- [What you have to do] What appears from the first line of the records below through the line containing "ブラックスネイルレチノールセラム/Dr.G/美容液を使ったクチコミ（3枚目）" must be reproduced verbatim.

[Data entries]
________

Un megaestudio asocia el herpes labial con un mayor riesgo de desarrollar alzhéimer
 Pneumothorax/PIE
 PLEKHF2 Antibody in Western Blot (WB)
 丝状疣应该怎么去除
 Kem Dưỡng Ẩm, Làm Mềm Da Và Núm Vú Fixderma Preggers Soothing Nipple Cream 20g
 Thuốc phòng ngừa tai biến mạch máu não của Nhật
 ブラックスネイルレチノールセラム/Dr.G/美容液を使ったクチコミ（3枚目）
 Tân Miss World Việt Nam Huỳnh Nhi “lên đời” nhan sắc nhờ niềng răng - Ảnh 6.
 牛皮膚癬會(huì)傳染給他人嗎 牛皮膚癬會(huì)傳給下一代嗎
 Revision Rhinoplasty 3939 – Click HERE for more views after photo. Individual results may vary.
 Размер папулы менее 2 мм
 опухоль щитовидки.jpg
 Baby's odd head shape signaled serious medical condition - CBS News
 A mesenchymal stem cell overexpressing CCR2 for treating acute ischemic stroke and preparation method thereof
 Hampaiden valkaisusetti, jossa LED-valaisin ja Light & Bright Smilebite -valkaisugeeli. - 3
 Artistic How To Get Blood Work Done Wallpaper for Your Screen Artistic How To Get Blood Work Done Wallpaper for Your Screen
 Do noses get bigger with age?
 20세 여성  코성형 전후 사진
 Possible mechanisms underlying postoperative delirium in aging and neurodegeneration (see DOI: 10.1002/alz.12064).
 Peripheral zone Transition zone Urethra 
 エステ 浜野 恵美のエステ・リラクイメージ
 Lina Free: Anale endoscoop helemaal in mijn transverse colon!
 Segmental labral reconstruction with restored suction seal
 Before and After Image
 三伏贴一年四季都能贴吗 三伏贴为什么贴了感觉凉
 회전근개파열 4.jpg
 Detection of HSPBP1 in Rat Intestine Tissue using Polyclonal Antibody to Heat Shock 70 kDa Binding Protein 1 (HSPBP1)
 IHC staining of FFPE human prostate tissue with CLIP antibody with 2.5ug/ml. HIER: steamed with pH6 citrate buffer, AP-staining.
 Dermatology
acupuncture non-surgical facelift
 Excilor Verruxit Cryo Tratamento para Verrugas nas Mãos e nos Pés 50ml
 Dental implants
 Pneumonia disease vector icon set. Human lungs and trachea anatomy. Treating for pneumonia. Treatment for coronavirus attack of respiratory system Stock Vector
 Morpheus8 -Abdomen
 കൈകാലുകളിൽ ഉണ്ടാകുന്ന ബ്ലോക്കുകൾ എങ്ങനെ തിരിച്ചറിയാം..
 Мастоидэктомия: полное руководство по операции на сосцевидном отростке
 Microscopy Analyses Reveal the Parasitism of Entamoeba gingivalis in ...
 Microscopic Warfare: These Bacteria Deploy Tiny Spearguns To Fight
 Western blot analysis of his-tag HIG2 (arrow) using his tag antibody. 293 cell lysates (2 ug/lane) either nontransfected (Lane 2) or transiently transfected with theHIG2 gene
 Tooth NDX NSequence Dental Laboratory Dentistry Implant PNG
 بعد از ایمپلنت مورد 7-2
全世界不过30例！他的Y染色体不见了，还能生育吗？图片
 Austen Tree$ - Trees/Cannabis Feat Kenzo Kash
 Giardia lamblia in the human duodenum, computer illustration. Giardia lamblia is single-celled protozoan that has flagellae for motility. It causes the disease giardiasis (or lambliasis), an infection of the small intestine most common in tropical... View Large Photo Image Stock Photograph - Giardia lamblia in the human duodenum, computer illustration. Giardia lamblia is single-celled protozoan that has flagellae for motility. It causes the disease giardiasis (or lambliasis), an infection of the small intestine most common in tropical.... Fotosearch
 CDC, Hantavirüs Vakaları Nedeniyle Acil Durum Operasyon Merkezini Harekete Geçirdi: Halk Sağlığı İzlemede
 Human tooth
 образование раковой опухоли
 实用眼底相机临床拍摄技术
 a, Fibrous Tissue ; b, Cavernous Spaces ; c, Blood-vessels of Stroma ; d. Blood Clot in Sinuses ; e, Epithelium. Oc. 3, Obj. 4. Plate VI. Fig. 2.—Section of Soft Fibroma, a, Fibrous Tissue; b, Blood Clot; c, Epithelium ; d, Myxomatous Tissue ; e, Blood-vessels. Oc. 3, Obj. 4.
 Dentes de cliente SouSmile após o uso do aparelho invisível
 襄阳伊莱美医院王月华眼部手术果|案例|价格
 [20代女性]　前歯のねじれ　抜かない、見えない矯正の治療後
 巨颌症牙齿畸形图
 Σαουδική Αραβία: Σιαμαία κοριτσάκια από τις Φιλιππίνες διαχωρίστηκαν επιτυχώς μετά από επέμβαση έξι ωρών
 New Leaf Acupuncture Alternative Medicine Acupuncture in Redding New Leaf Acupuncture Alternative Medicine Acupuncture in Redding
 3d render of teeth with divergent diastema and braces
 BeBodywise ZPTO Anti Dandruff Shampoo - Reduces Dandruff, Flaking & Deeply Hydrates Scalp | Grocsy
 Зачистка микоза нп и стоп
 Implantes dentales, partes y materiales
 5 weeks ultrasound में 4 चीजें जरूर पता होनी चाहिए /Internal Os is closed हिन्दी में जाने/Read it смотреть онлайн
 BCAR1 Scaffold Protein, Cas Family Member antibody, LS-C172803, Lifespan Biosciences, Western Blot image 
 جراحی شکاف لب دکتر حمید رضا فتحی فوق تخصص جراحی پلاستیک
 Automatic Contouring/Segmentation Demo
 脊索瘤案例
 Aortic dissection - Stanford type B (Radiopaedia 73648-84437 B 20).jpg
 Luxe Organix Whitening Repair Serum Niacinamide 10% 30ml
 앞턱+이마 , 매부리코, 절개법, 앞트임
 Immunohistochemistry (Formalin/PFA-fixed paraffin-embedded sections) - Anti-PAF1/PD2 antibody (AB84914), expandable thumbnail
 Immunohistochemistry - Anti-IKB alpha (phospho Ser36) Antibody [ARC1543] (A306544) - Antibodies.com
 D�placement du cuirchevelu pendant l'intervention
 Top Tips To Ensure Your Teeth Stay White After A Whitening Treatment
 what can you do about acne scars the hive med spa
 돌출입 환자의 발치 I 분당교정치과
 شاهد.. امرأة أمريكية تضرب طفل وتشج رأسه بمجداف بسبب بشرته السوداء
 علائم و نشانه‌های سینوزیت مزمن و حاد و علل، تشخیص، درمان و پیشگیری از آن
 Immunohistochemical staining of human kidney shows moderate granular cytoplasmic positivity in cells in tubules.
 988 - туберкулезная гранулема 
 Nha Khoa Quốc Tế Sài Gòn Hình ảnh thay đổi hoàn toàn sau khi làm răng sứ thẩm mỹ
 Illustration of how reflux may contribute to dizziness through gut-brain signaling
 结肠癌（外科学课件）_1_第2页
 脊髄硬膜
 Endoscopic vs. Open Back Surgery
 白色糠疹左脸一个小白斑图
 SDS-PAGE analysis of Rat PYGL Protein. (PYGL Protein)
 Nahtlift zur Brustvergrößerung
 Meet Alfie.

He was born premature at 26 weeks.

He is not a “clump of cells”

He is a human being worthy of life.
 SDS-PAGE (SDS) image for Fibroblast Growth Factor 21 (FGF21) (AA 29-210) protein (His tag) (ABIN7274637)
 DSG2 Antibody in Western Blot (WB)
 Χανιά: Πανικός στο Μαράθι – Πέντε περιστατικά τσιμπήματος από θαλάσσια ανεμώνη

________

- [Answer section]
Un megaestudio asocia el herpes labial con un mayor riesgo de desarrollar alzhéimer
 Pneumothorax/PIE
 PLEKHF2 Antibody in Western Blot (WB)
 丝状疣应该怎么去除
 Kem Dưỡng Ẩm, Làm Mềm Da Và Núm Vú Fixderma Preggers Soothing Nipple Cream 20g
 Thuốc phòng ngừa tai biến mạch máu não của Nhật
 ブラックスネイルレチノールセラム/Dr.G/美容液を使ったクチコミ（3枚目）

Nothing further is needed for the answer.